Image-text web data

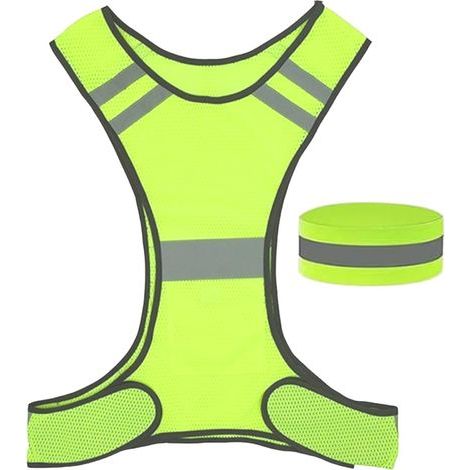 Reflective Safety Vest, High Visibility Yellow Vest for Cycling, Running, Jogging, with 1 Reflective Armband, Adjustable Reflective Vest for Men and Women (1/5)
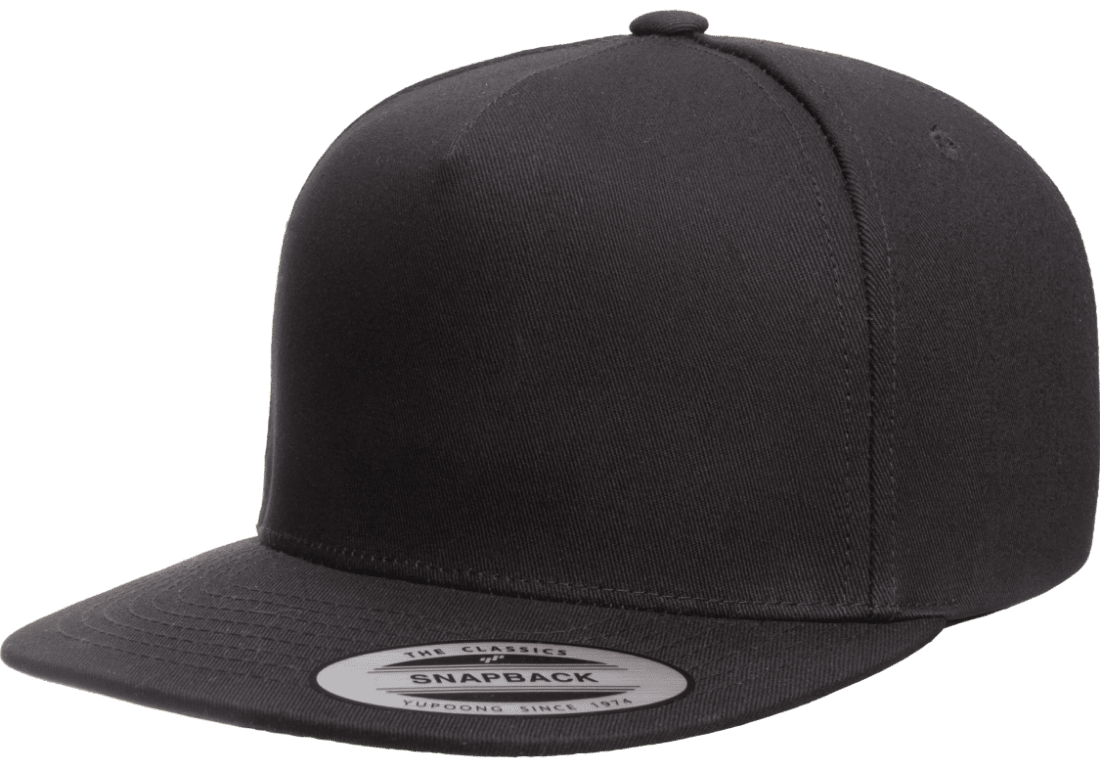 Yupoong 6007 5-Panel Cotton Twill Snapback Hat Flat Bill Cap YP Classics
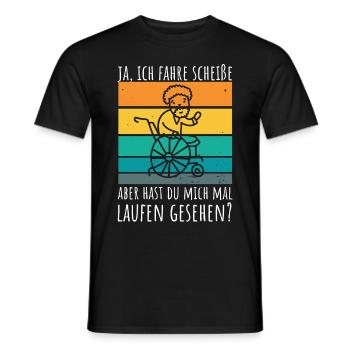 Rollstuhlfahrer Humor Spruch - Männer T-Shirt - Schwarz - Vorne - AI Model Male 178 light (178cm)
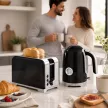 Vízforraló és kenyérpirító készlet hőmérővel, 1,7 l, 2200 W-os vízforraló, 2 szeletes kenyérpirító 7 pirítási szinttel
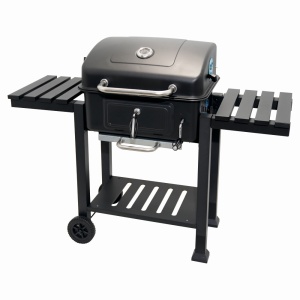 Gratar pe carbuni KLUGMEISTER FT01-017, material otel (husa inclusa), cu tava pentru cenusa, capac si roti de deplasare, suprafata gatire 54x43 cm - Img 2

**Activity**
Please transcribe exactly the line containing "Rollstuhlfahrer Humor Spruch" and every later line through the end of the records above, omitting pictures.

**Answer section**
 Rollstuhlfahrer Humor Spruch - Männer T-Shirt - Schwarz - Vorne - AI Model Male 178 light (178cm)
 Vízforraló és kenyérpirító készlet hőmérővel, 1,7 l, 2200 W-os vízforraló, 2 szeletes kenyérpirító 7 pirítási szinttel
 Gratar pe carbuni KLUGMEISTER FT01-017, material otel (husa inclusa), cu tava pentru cenusa, capac si roti de deplasare, suprafata gatire 54x43 cm - Img 2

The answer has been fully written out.